Broadening rod pumps’ application windows can be extremely helpful, Binford assesses. “Reducing the number of times operators need to bring in equipment and crews to change from one form of artificial lift to the next shrinks capital costs,” he observes. “Rod lift operating costs also are lower than those of ESPs because rod lift requires fewer workovers and less energy, and most operators are so familiar with rod lift that it’s easy for them to optimize and troubleshoot.”

In the past, Binford says, rod lift was rarely considered for unconventional wells until production dropped below 400 bbl/d of liquid because of the stress horizontals placed on the rod string and tubing. “Large pumping units address that durability concern by enabling long, slow strokes that minimize wear on the rod and tubing but still lift high fluid volumes,” he assures.

To enable longer strokes, Binford says LUFKIN has introduced the industry’s largest conventional beam pumping unit. The unit’s maximum stroke length is 320 inches, but it can be configured for stroke lengths of 275 inches, 234 inches or 193 inches, he describes.

At the top of the stroke, the unit is 55 feet tall, equivalent to a four- or five-story building. The horsehead alone is 26 feet long, Binford notes. Because the pumping unit uses a conventional design rather than a linear one, he adds, it allows workovers to be performed without rolling it back.

“All these units are sold with LUFKIN’s full automation package, including a controller and variable speed drive,” he mentions. “This system collects data and analyzes it to slow down or speed up at the right times to optimize the unit and achieve the operator’s objectives.”

So far, the huge pumping units have been deployed in California, the Rocky Mountains and the Permian, Binford reports. “The results have been great,” he says. “One customer wanted to transition from ESPs to rod pumps; we were targeting 500 bbl/d of fluid but ended up getting close to 700 bbl/d. The operator was thrilled because transitioning to rod lift reduced workover and energy costs while maintaining production.”

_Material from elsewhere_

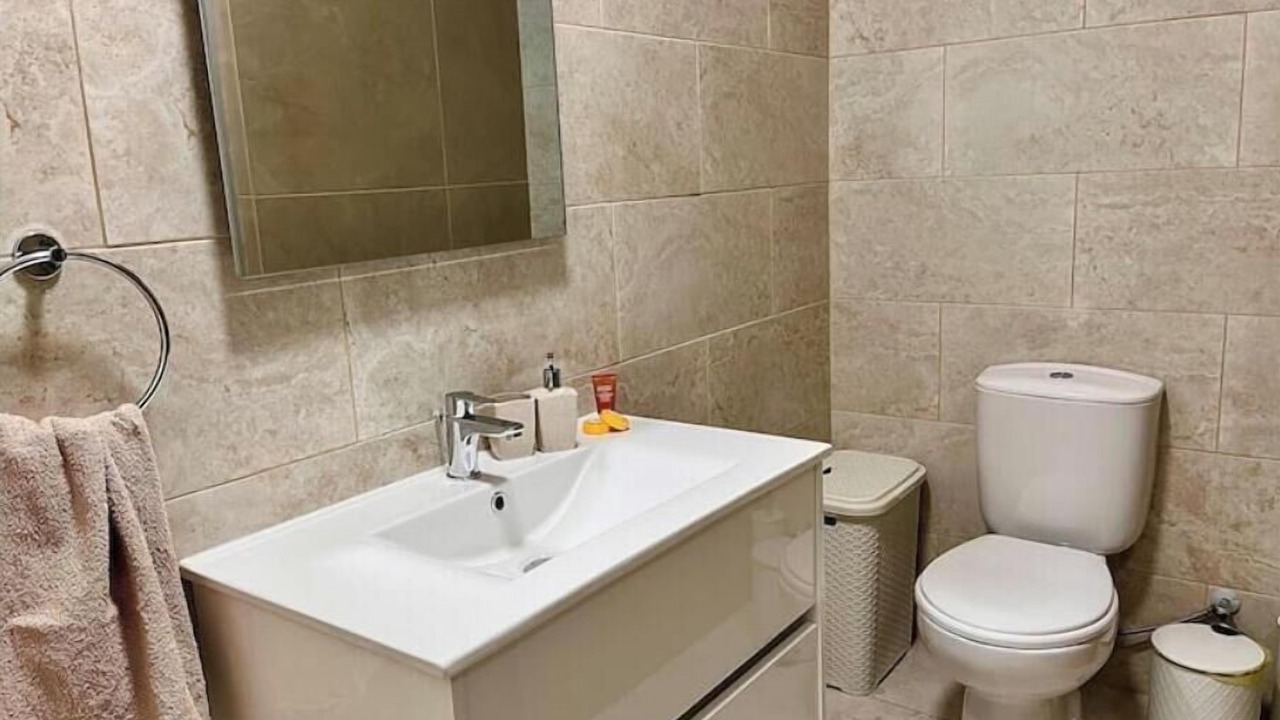 Photo of Bathroom in Oroklini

In a shallower field, the large pumping unit enabled an operator to start a well on rod lift by handling more than 1,000 bbl/d of fluid, Binford continues. “The operators who have deployed a handful of these large units are committing to more,” he says. “They want to try bringing the cost savings and familiarity the units provide to other applications.”

Plunger Lift Reliability

The maximum volume plungers can lift is rising, says Brent Cope, product line manager for plunger lift at PCS Ferguson, a business unit of ChampionX Artificial Lift. “Twenty years ago, plungers would usually max out at 100 bbl/d,” he recalls. “Today, we have plungers moving 500 bbl/d in wells with high gas-to-oil ratios.”

That increase comes in part from continuous bypass plungers, which allow the plunger to fall against flow rates and therefore cycle more frequently. “Depending on well depth, the plunger may make 80-100 trips a day rather than the 10 with an older, nonbypass design,” Cope says. “Each trip carries smaller loads, but the production is more consistent and the plunger can get flowing bottom-hole pressures even lower.”

PCS Ferguson, a business unit of ChampionX Artificial Lift, has developed a lubricator that is 100% forged. According to PCS Ferguson, this approach eliminates the weak points associated with welds and produces a consistent metallurgical grain structure that improves the lubricators’ strength, ductility and impact resistance.

As plungers make more trips at higher speeds, equipment durability becomes increasingly important, Cope suggests. He says PCS Ferguson has spent the last year and a half conducting tests to determine which components of a plunger lift system need improvement in various applications. “For example, with bumper springs, we wanted to find out whether the spring, the flow cage or the fish neck would be the primary restriction on durability,” he says.

In some applications, the company now recommends titanium fish necks. “Titanium can withstand much higher impacts than even stainless steel or carbon 4140,” Cope says. “We also use longer springs to increase impact resilience.”

PCS Ferguson has developed lubricators that are forged rather than welded, Cope continues. “We run X-rays and other tools to verify the welds on our lubricators, but over several years, stress can fracture the welds. The forged lubricator takes that concern away,” he explains.

He points out that the forged lubricators are rated to 5,000 psi. “Many companies now use 5,000 psi lubricators by default,” he says. “Whether the lubricators are forged or welded, the higher rating offers peace of mind they will be able to withstand the resulting pressures if a nearby fracture communicates with the well.”

PCS Ferguson’s lubricators include a patented poly spring that can withstand speeds as high as 3,000 feet a minute, well beyond what it should encounter during actual well operations, Cope says. “Over time, springs can weaken and compress,” he reports. “With the spring no longer as effective at cushioning impacts, the plunger contacts the metal at higher speeds and can be damaged. The poly spring helps prevent that.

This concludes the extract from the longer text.